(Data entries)
----------

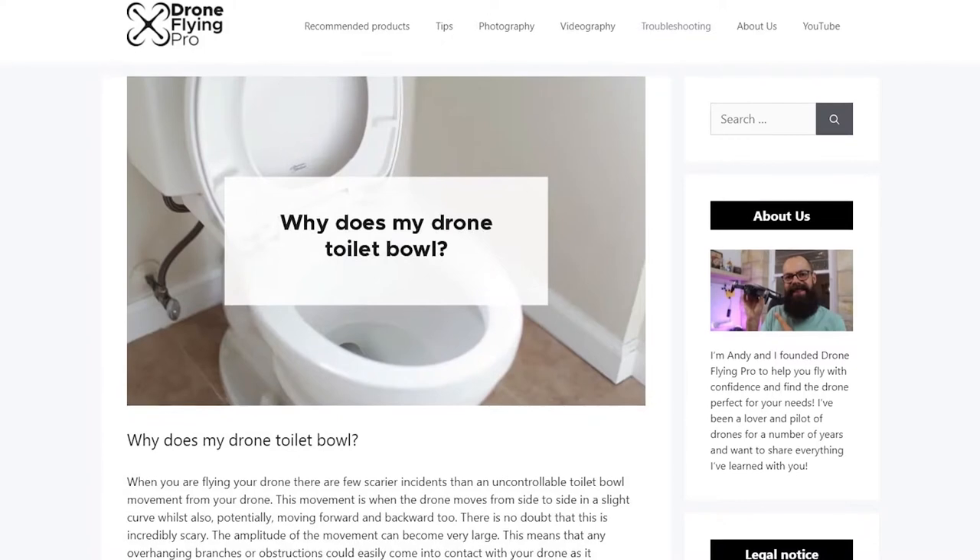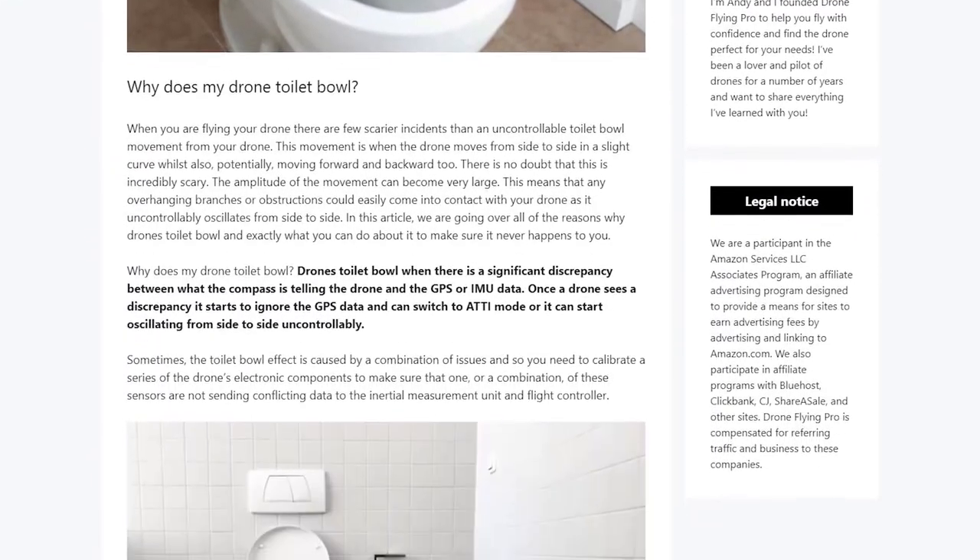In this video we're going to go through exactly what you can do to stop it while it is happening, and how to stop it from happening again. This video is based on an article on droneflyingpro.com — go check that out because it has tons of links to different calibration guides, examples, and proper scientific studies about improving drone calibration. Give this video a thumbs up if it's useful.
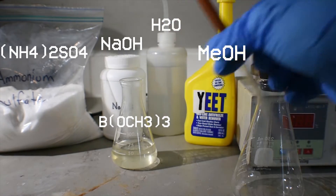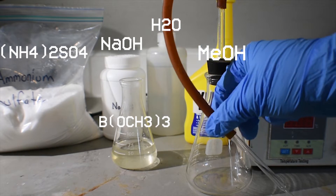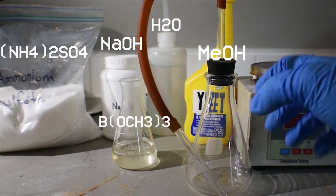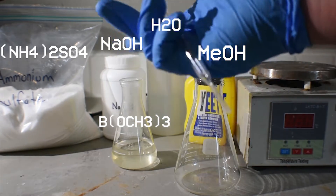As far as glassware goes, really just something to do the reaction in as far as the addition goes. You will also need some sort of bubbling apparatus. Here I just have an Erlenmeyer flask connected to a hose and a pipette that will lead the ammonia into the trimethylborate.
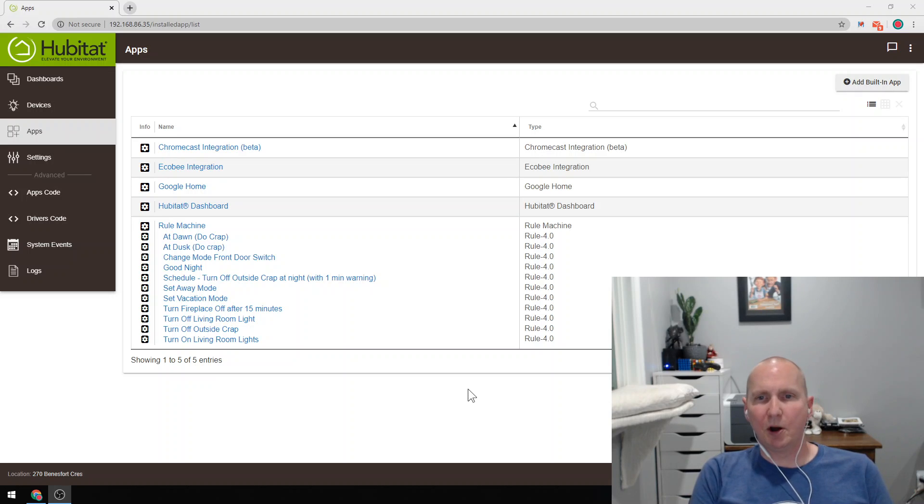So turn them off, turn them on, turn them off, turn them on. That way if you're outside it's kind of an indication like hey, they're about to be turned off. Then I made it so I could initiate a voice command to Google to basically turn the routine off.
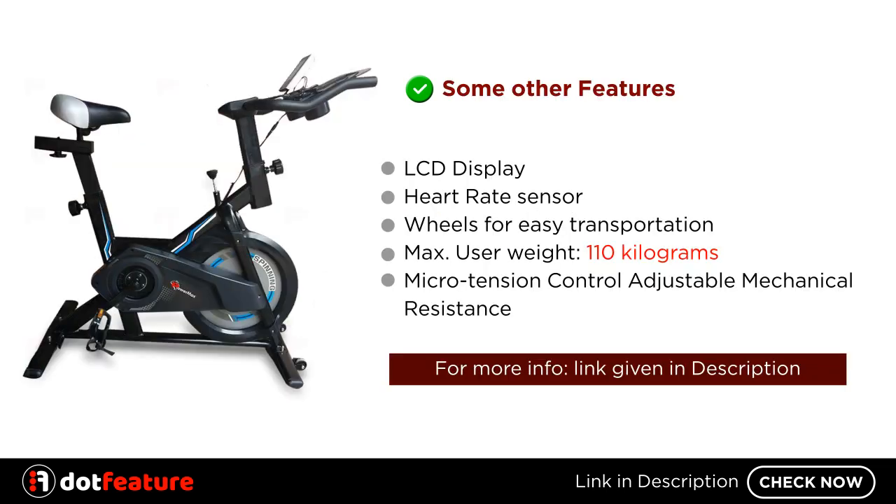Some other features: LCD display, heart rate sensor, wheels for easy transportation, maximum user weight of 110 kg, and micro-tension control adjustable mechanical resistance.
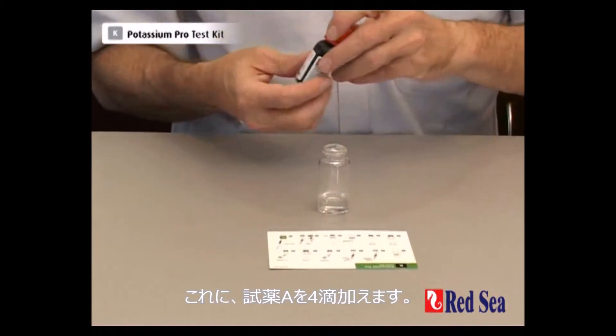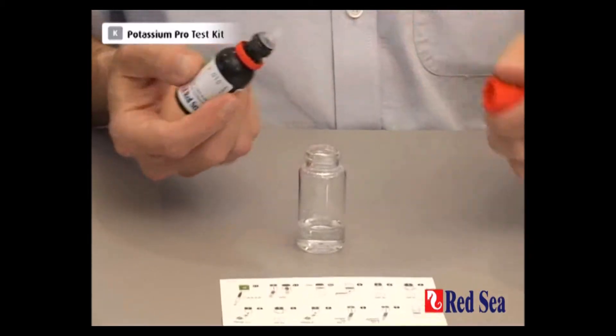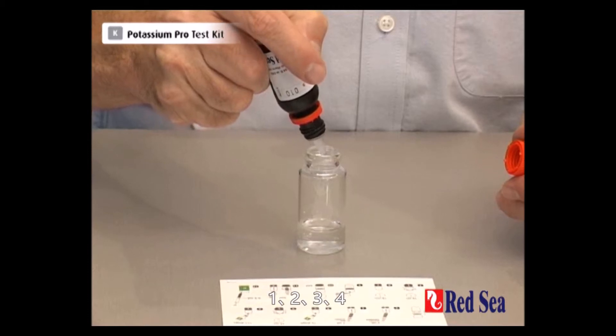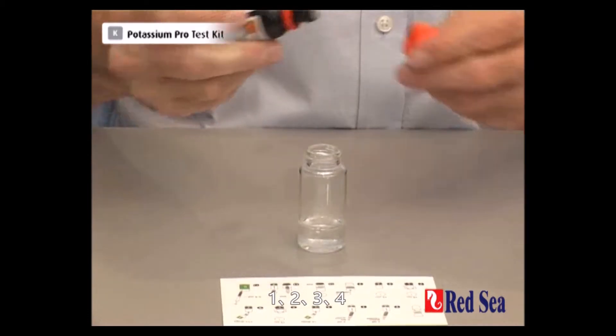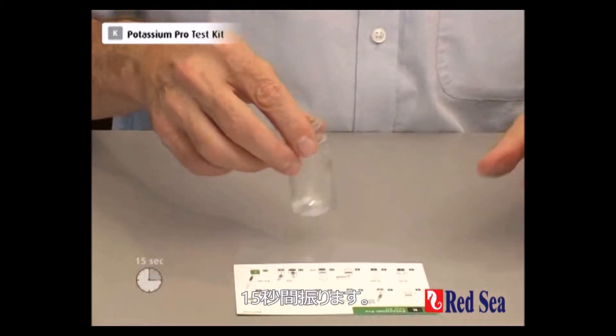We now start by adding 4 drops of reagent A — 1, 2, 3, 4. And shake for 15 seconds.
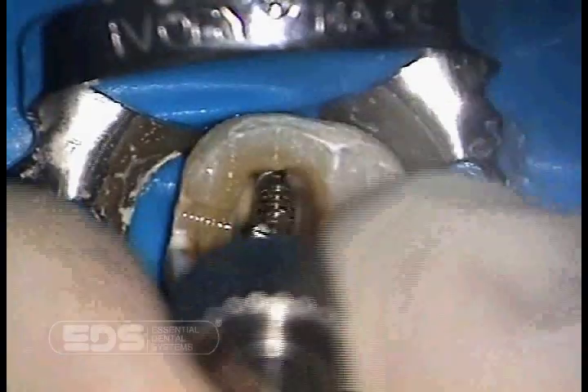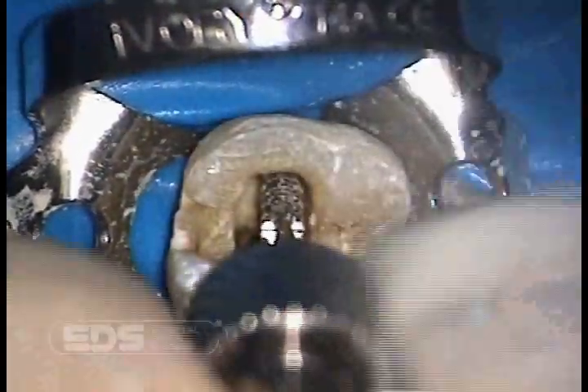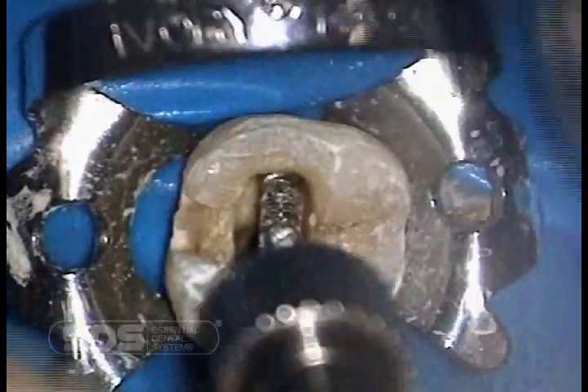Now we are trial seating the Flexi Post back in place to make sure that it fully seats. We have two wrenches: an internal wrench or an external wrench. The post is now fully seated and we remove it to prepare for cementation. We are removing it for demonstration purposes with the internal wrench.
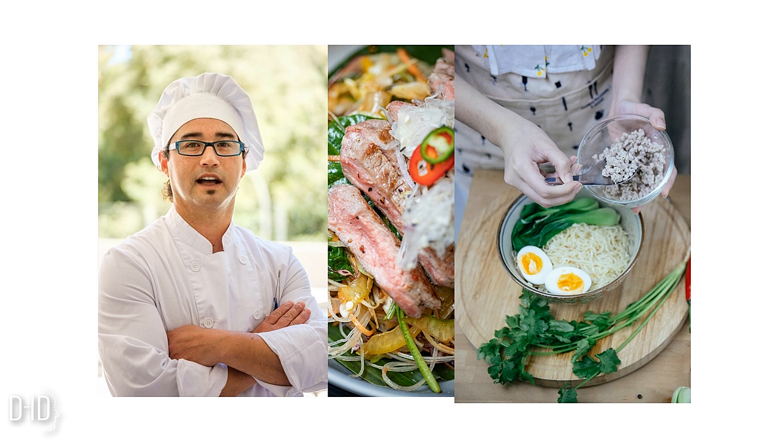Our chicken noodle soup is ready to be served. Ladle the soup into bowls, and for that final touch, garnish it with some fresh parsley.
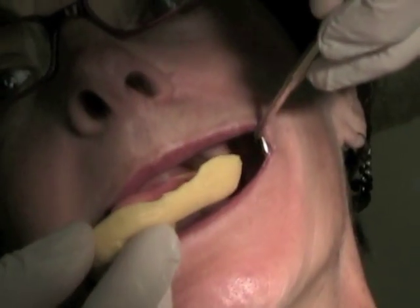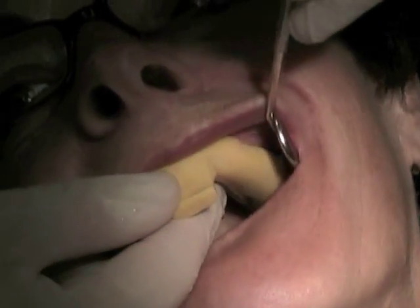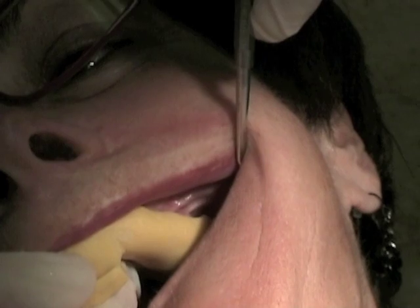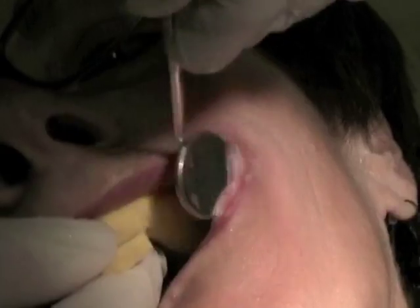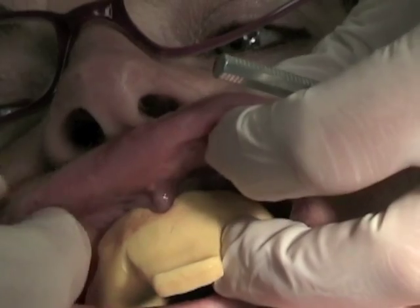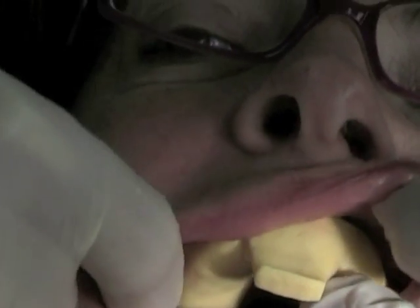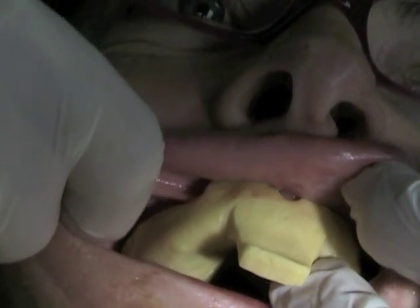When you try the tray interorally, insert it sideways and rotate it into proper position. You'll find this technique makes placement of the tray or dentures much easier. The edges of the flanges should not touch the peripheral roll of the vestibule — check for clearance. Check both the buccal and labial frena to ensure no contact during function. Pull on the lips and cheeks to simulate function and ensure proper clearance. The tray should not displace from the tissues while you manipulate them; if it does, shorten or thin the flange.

----------

- Directions for this task:
Although the records above contain pictures, the copy must not; set down exactly the lines from the one with "As far as glassware" up to and including the one with "Some other features: LCD".

- Response:
As far as glassware goes, really just something to do the reaction in as far as the addition goes. You will also need some sort of bubbling apparatus. Here I just have an Erlenmeyer flask connected to a hose and a pipette that will lead the ammonia into the trimethylborate.
So turn them off, turn them on, turn them off, turn them on. That way if you're outside it's kind of an indication like hey, they're about to be turned off. Then I made it so I could initiate a voice command to Google to basically turn the routine off.
Some other features: LCD display, heart rate sensor, wheels for easy transportation, maximum user weight of 110 kg, and micro-tension control adjustable mechanical resistance.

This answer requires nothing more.